Undoubtedly, the EU is India’s number one trading partner with 13.5% of India’s overall trade with the world in 2015-16. While the value of EU exports to India grew from Eu21.3 billion in 2005 to Eu37.8 billion in 2016, the value of EU imports from India also increased from Eu19.1 billion in 2005 to Eu39.3 billion in 2016.

Trade in services increased from Eu 5.2billion in 2002 to Eu 14 billion in 2015 over a period of 13 years.

EU investment stocks in India showed an increase to Eu 38.5 billion in 2014, up from Eu 34.7 billion in the previous year, roughly an increase of four billion.

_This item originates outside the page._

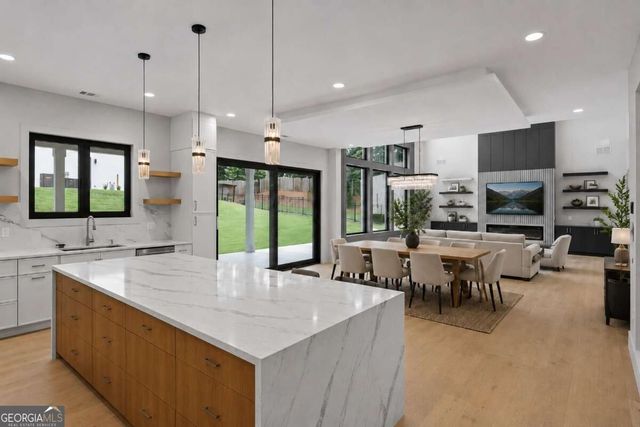 2709 Collins Hill Road, Lawrenceville, GA 30043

Looking at these figures, the impression is that the BTIA will benefit India in a big way, but the truth seems to be otherwise. Dairy products from EU could flood India in a big way, killing the cottage industry in India. A lowering of tariffs may well result in greater trade with the EU, but for India this may mean more imports than exports. There will be a greater opening in the Indian market for European goods than in the European market for Indian goods.

EU tariff rates are already quite low and thus, apart from sectors like textiles and fisheries, India’s exports to the region might not increase significantly even if tariffs are cut.

Who is going to control the sanitary and phyto sanitary conditions when it comes to import of wines and beer from EU? Will it not be the EU itself which will certify these products? One needs to look around for the credibility of such certifications keeping in mind what happened when the German car manufacturer Volkswagen cheated by installing faulty chips in their cars and managed to sell hundreds of thousands of their cars in India. No compensation has been given so far to the Indian customer.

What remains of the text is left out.